Der im deutschen Arbeitsrecht an den unterschiedlichsten Stellen im Gesetz verankerte Sonderkündigungsschutz ist vielgestaltig und mal mehr, mal weniger oder gar nicht bekannt (vgl. zu Haftungsrisiken bei Klageerhebung Schröder, NJW 2021, 2337). Ohne Gewähr für und Anspruch auf Vollständigkeit – auch mit Blick auf die immer wieder zu beobachtenden gesetzlichen Neufassungen und Umgruppierungen – sind als gesetzliche Tatbestände insb. zu nennen: Berufsausbildung nach § 22 Abs. 2 BBiG, Betriebsrat (inkl. Ersatzmitglieder u.a.), Wahlvorstand/Wahlbewerber nach § 15 KSchG, Arbeitnehmer im Betriebsübergang nach § 613a Abs. 4 BGB, Arbeitnehmer in Elternzeit nach § 18 BEEG, Schwangerschaft/Mutterschutz nach § 17 Abs. 1 MuSchG, Schwerbehinderung bzw. Gleichstellung nach §§ 168 ff. SGB IX, Datenschutzbeauftragter nach § 6 Abs. 4 BDSG (vgl. Greiner/Senk, NZA 2020, 201; zur Vereinbarkeit von § 6 Abs. 4 BDSG mit der DSGVO BAG, 30.7.2020 – 2 AZR 225/20 (A), NZA 2020, 1468 mit Vorlage an den EuGH), Pflege von Familienangehörigen nach § 5 PflegeZG, Störfall- (§ 58a BImSchG), Abfall- (§ 59 KrWG), Gewässerschutz- (§ 66 WHG), und Immissionsschutzbeauftragter nach § 58 Abs. 2 BImSchG (vgl. Bergwitz, NZA 2021, 542), Geldwäschebeauftragter nach § 7 Abs. 7 S. 2 und S. 3 GwG. Der Vollständigkeit halber sei noch auf den Beauftragten für biologische Sicherheit (§ 3 Nr. 9, § 6 Abs. 4 GenTG, § 19 Abs. 2 GenTSV), den Zivilschutz-Helfer (§ 27 ZSKG), den Compliance-Beauftragten (§ 33 WpHG, § 12 Abs. 3 und Abs. 4 WpDVerOV), den Kerntechnischen Sicherheitsbeauftragten (§ 5 AtSMV) und den Helfer im Katastrophenschutz (§ 9 KatSG) verwiesen, die zwar keinen Sonderkündigungsschutz genießen, aufgrund ihrer Funktion aber nicht benachteiligt werden dürfen.
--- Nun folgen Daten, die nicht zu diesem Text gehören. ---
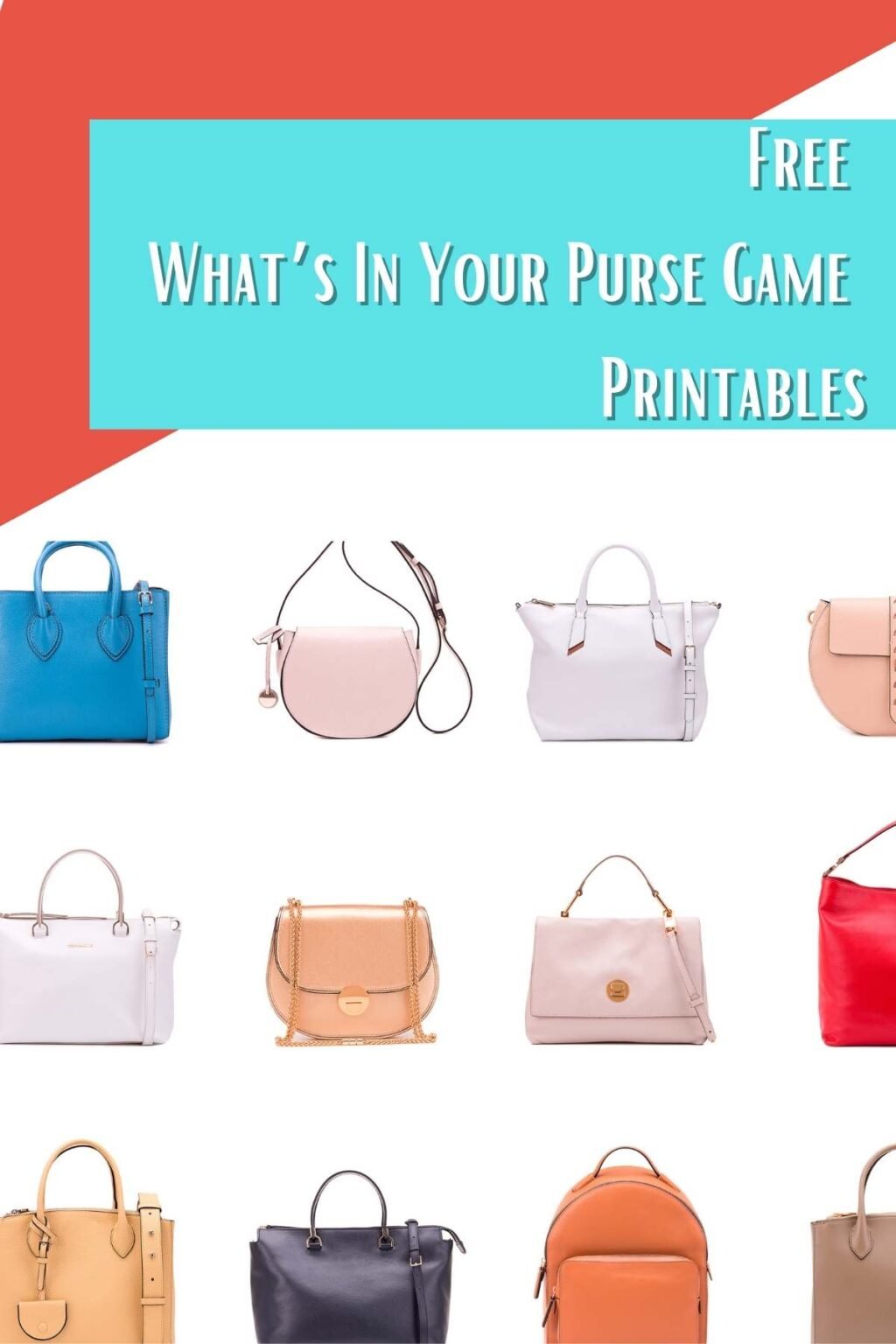 9 Free Printable What’s In Your Purse Games - Fun Party Pop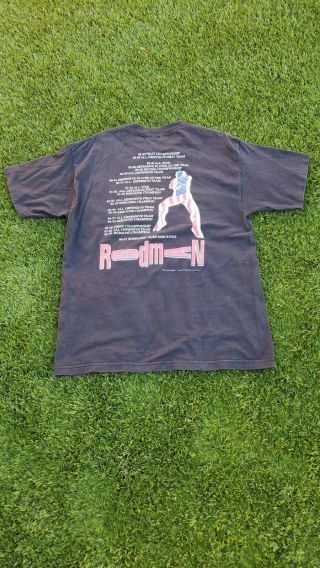 Vintage 1997 Dennis Rodman Accomplishment T - Shirt From Yrs 88 - 97 Sz Large Black 2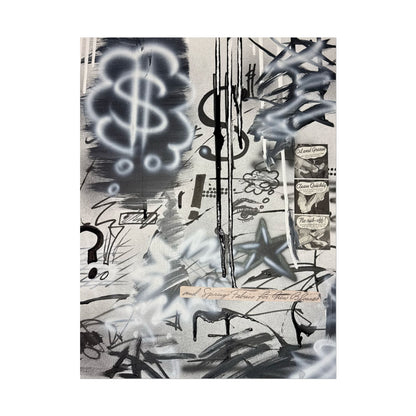 "monochrome mood" airbrush rolled print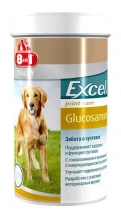 8in1 (8в1) Excel GLUCOSAMIN Добавка для підтримки здоров'я та функції суглобів у собак 55 таб img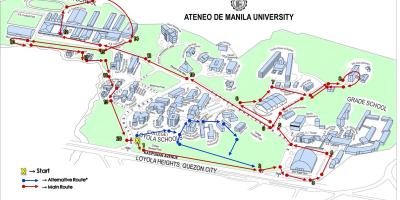 Ateneo de manila university campus map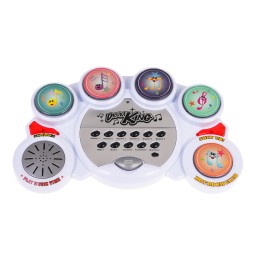 Electronic Drum Set for Kids with 5 Pads and Stool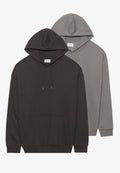 YOURTURN UNISEX 2 PACK RELAXED FIT HOODIE
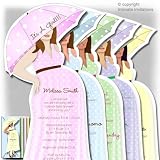 50 Custom Handmade Baby Shower Invitations Mod Mom Mix and Match Polka a Dot Pattern - Pink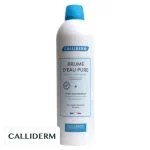 Flacon aérosol blanc et bleu Calliderm brume d'eau pure de 400 ml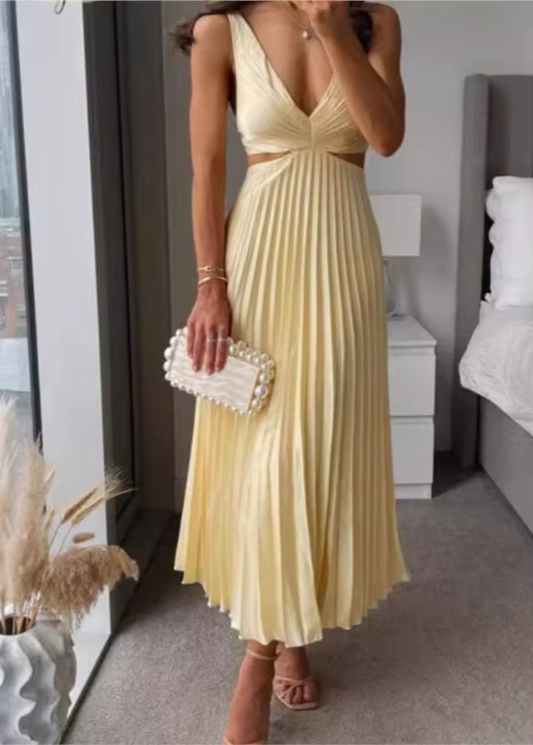 WW | Yellow Bohemian Chic Maxi Dress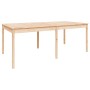 Garden table solid pine wood 203.5x100x76 cm by vidaXL, Garden tables - Ref: Foro24-823983, Price: 170,99 €, Discount: %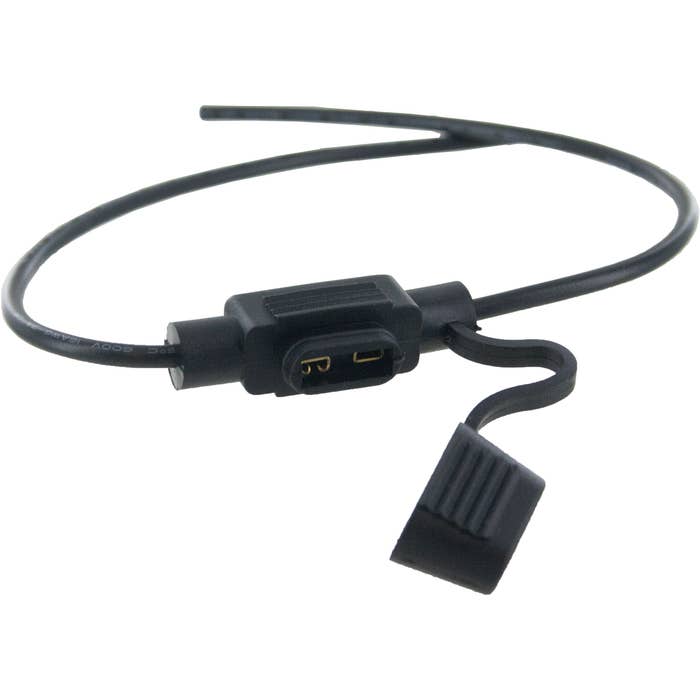 In Line Mini Fuse Holder with Cover 16GA In Line Mini Fuse Holder with Cover 16GA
Dieser vorstehende "bunte" Katalog an gesetzlichem Sonderkündigungsschutz wird durch einen "bundesweiten Flickenteppich" tariflichen Sonderkündigungsschutzes ergänzt, der branchenunterschiedlich ab einem gewissen Alter und einer gewissen Betriebszugehörigkeit greift oder Sonderkündigungsschutz aufgrund einer Regelung über eine Standortsicherung bietet (Rationalisierungsschutz). Denkbar ist darüber hinaus auch ein Sonderkündigungsschutz aufgrund einer Betriebsvereinbarung oder einer einzelvertraglichen Absprache.

Zusammengefasst ergibt sich im konkreten Anwendungsszenario mit Blick auf das Vorstehende für den Arbeitsrechtler sowohl auf Arbeitgeber- als auch auf Arbeitnehmerseite ein veritabler Prüfungsauftrag, um Sonderkündigungstatbestände im Interesse des Mandanten zu erfassen, zu steuern und zu nutzen.